◆ Instructions to follow: Nothing but the lines from the one containing "YFZ450R YFZ45YSSH YFZ450R" through the last line of the records below should be written out, each exactly as it stands.

◆ Data to examine:
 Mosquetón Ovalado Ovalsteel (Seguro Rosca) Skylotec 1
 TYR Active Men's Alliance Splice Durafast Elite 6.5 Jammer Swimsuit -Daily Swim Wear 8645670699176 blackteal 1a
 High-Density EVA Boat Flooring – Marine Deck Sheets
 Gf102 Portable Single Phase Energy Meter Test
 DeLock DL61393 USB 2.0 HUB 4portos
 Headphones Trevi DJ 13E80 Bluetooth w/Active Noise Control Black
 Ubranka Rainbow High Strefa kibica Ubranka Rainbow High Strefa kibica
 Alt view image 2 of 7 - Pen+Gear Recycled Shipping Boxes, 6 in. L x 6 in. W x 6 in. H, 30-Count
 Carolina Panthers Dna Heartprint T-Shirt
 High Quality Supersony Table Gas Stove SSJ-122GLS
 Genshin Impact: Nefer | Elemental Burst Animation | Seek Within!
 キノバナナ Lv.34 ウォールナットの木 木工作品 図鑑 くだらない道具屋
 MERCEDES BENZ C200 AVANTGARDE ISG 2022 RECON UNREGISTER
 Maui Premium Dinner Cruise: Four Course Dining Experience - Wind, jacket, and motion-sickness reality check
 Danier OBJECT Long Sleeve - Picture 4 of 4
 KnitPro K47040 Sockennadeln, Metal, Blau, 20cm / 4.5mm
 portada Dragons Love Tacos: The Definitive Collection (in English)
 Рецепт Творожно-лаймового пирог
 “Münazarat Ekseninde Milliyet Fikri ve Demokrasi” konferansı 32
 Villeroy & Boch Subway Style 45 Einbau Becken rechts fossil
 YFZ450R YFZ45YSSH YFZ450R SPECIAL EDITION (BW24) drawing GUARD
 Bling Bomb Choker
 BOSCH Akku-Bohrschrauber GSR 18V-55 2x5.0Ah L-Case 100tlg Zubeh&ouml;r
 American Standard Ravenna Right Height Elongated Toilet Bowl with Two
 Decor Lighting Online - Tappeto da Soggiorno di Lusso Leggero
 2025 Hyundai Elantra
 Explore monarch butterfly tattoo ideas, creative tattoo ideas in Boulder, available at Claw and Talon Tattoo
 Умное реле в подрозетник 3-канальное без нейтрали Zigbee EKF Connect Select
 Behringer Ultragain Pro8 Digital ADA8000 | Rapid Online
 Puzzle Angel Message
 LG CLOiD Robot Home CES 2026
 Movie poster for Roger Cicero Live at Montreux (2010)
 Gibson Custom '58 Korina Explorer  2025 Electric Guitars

◆ Final answer:
 YFZ450R YFZ45YSSH YFZ450R SPECIAL EDITION (BW24) drawing GUARD
 Bling Bomb Choker
 BOSCH Akku-Bohrschrauber GSR 18V-55 2x5.0Ah L-Case 100tlg Zubeh&ouml;r
 American Standard Ravenna Right Height Elongated Toilet Bowl with Two
 Decor Lighting Online - Tappeto da Soggiorno di Lusso Leggero
 2025 Hyundai Elantra
 Explore monarch butterfly tattoo ideas, creative tattoo ideas in Boulder, available at Claw and Talon Tattoo
 Умное реле в подрозетник 3-канальное без нейтрали Zigbee EKF Connect Select
 Behringer Ultragain Pro8 Digital ADA8000 | Rapid Online
 Puzzle Angel Message
 LG CLOiD Robot Home CES 2026
 Movie poster for Roger Cicero Live at Montreux (2010)
 Gibson Custom '58 Korina Explorer  2025 Electric Guitars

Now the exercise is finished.